Middle East Quarterly

Spring 2006

Volume 13: Number 2

Dancing in the No-Fly Zone

A Woman’s Journey through Iraq

Ditmars, a freelance writer, visited Iraq several times before Saddam’s fall, reporting for such media organizations as the BBC, Canadian Broadcasting Corporation, and The New York Times. In Dancing in the No-Fly Zone, she chronicles her return in the wake of the 2003 war. As she flits from meeting to meeting with her prewar Iraqi contacts, she intersperses descriptions of post-Saddam Iraq with recollections of the prewar period.

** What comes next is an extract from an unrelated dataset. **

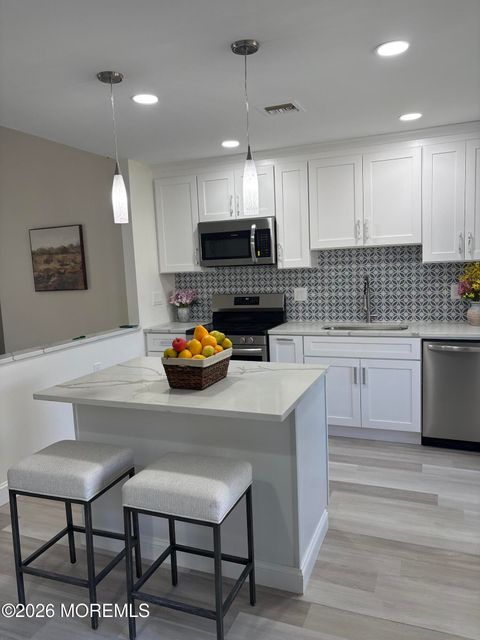 Homes For Sale - 3 Auburn Court<br/> Red Bank, NJ 07701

Her account oozes with moral equivalency. To Ditmars, the U.S. government is no different than Saddam’s. “Now for every mass grave the Americans dug up, they had to contend with the specter of thousands of civilians killed during the invasion; for every ‘resistance’ bombing, the ghosts of all the Iraqis killed in the first Gulf War.” She treats as fact the old propaganda lie that sanctions killed 500,000 children. In the wake of Saddam’s fall, even Iraqi opponents of U.S. occupation have dismissed the veracity of such propaganda.

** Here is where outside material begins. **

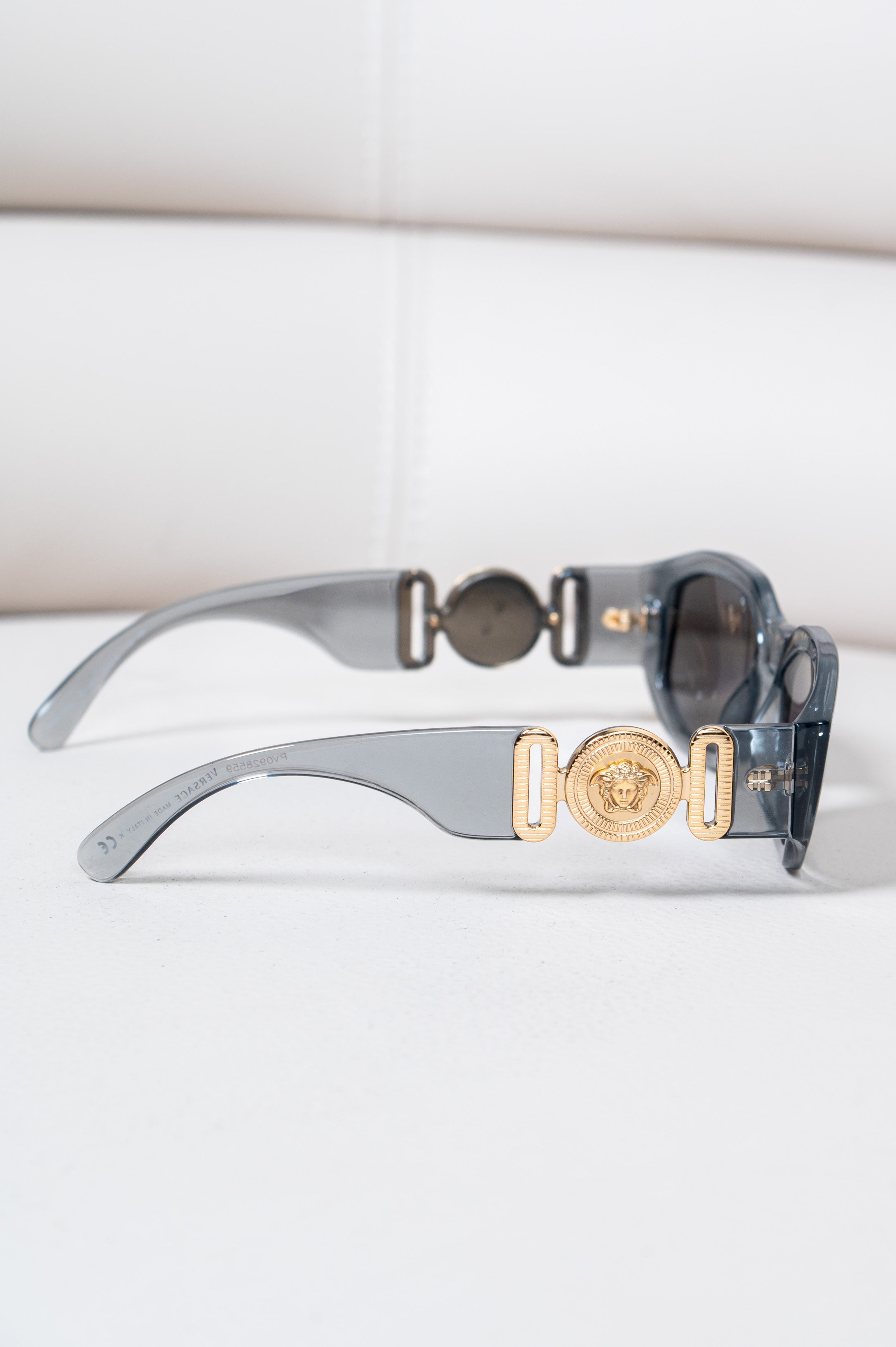 Grey Translucent Mirror Lens Sunglasses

She appears unaware of how skewed her perspective is. She acknowledges Robert Fisk, the Independent Middle East correspondent famous for both leftist bent and questionable accuracy, and speaks favorably of sanctions-busting groups like Voices in the Wilderness, known to Iraqis more for their apologia of Saddam than for any help they provided the Iraqis. She dismisses criticism of the Arabic satellite station Al-Jazeera as the bailiwick of “right-wing Zionist groups.” Her throwaway statements may surprise: returning to a hotel room to find the television now gets BBC, Al-Jazeera, and other satellite networks, she writes, “I felt a pang for the Iraqi state television … I’d come to know and love.” The victims of Saddam’s tyranny may not appreciate her totalitarian-chic.

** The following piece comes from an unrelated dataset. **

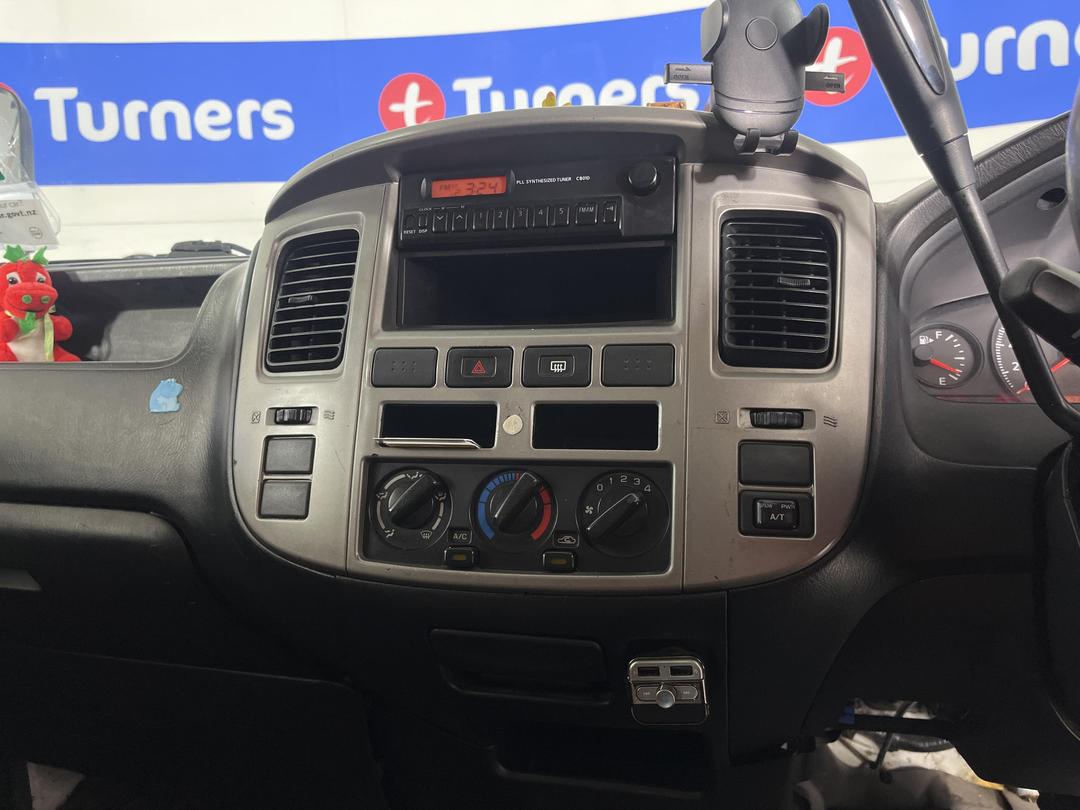 Photo '15' of Nissan Caravan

If Ditmars channels the views of Iraqis who saw Saddam’s rule as the golden age of Iraq, then Dancing in the No-Fly Zone provides insight into their perspective on the post-Saddam period. She bristles with anger at Bremer’s arrogance and ridicules the Green Zone. However, her work is of little value to anyone wishing to achieve a deeper understanding of Iraq. The late Steven Vincent’s Into the Red Zone[1] captured post-Saddam Iraq’s complexity and nuance far better. The only value of Dancing in the No-Fly Zone is to expose the misplaced sympathies and politicization of many journalists working for mainstream media organizations. Unfortunately, this will not change soon. As Ditmars observes, “My old Ministry of Information-appointed ‘minders'—so-called ‘guides,’ whom we’d once paid for the privilege of being spied on—were still at work, this time as fixers and translators for American TV crews.”

[1] Dallas: Spence Publishing Company, 2004. See “Brief Reviews,” Middle East Quarterly, Summer 2005, p. 93.